STUDY MATERIAL Start Marker

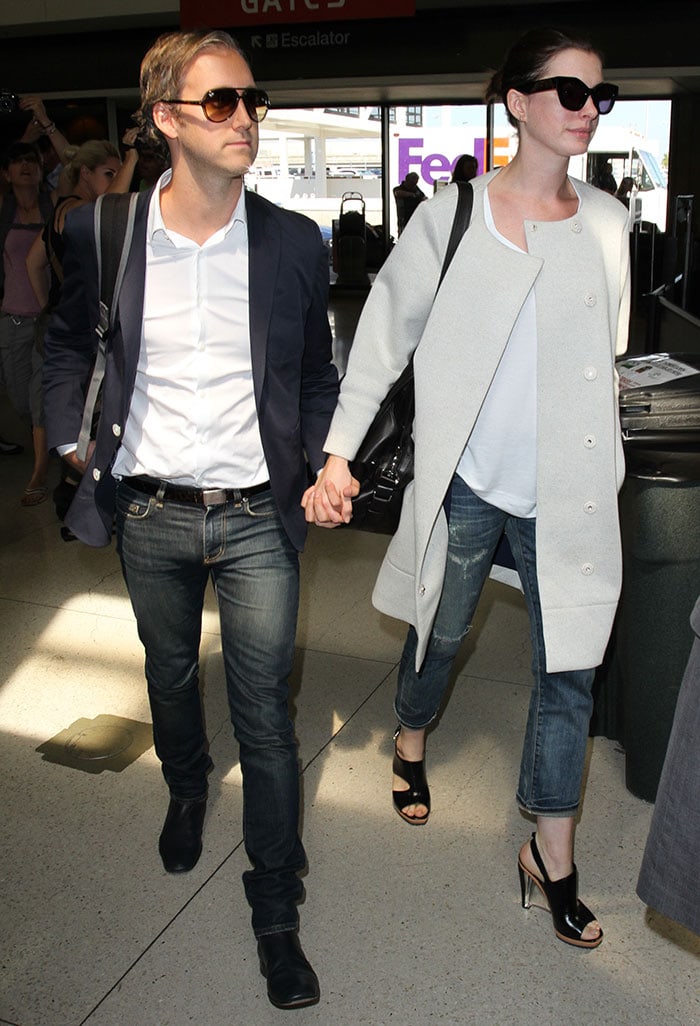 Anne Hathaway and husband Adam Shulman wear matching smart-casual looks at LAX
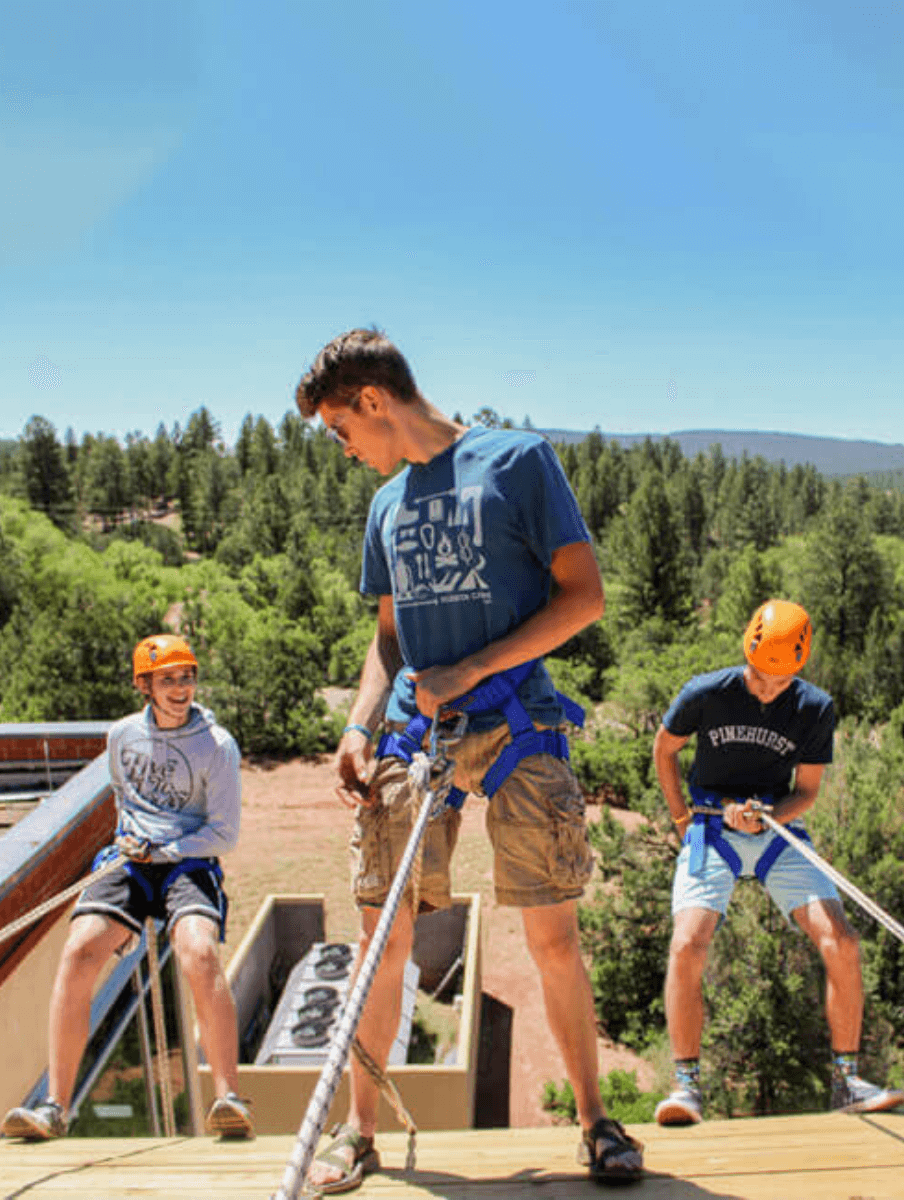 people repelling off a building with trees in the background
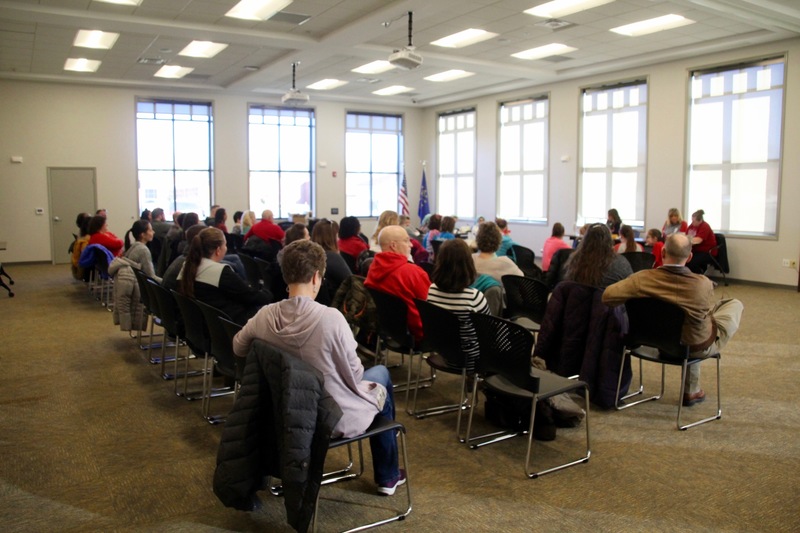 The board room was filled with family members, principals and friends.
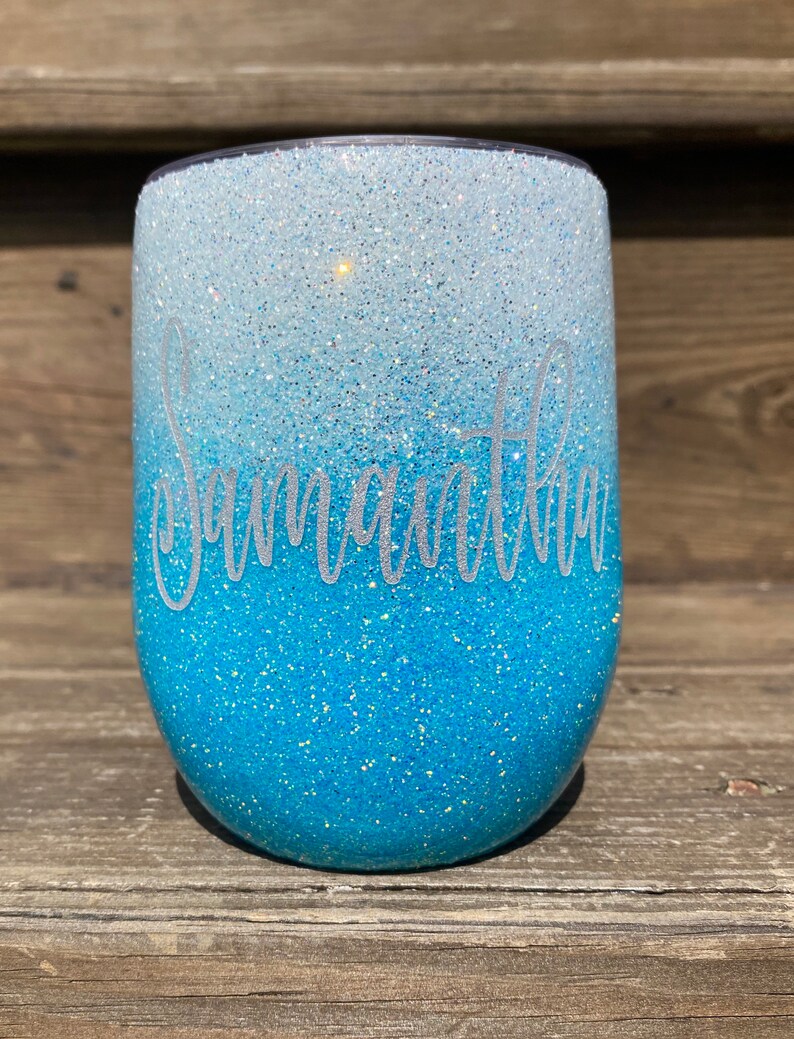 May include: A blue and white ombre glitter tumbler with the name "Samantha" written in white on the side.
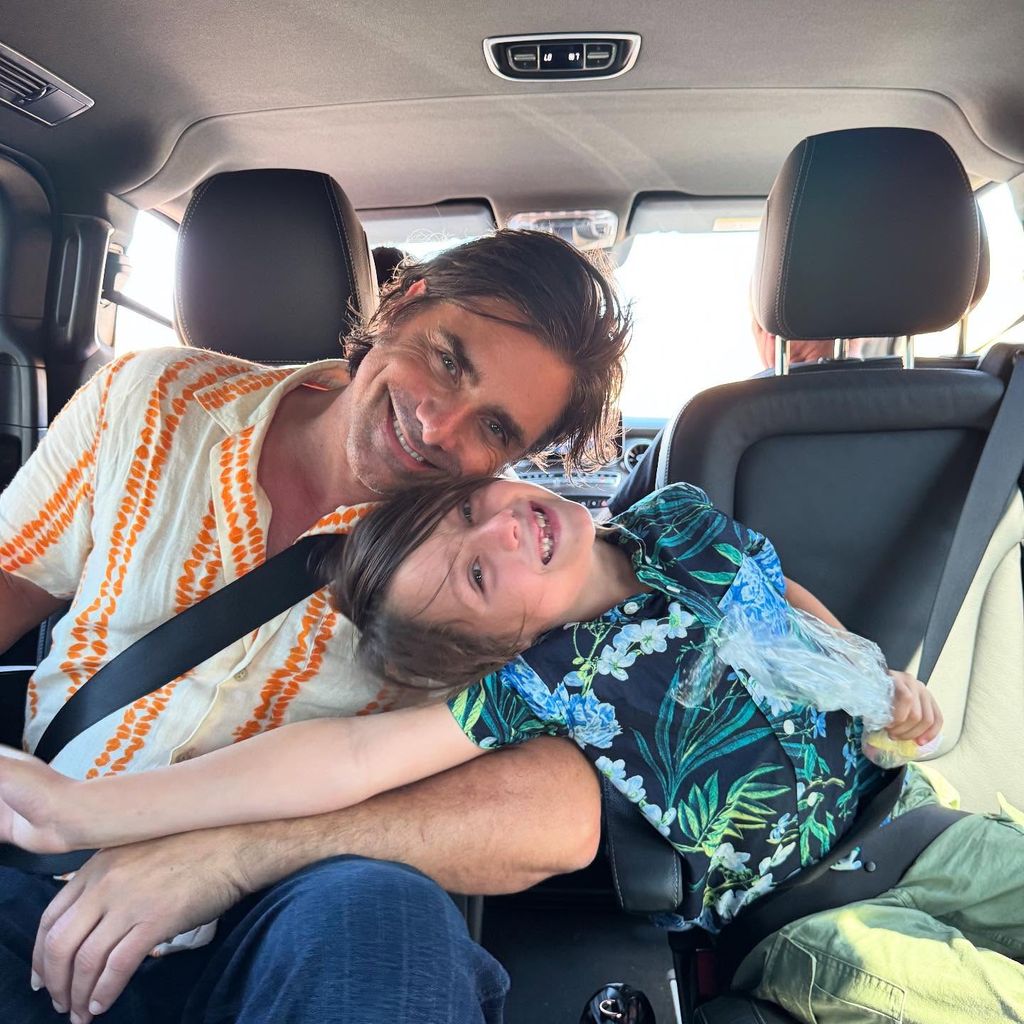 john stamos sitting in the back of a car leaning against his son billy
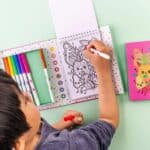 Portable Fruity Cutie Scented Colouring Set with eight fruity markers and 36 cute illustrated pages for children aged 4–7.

STUDY MATERIAL End Marker

TASK DETAILS: Please output the records above exactly, without the pictures.

WRITTEN SOLUTION:
 Anne Hathaway and husband Adam Shulman wear matching smart-casual looks at LAX
 people repelling off a building with trees in the background
 The board room was filled with family members, principals and friends.
 May include: A blue and white ombre glitter tumbler with the name "Samantha" written in white on the side.
 john stamos sitting in the back of a car leaning against his son billy
 Portable Fruity Cutie Scented Colouring Set with eight fruity markers and 36 cute illustrated pages for children aged 4–7.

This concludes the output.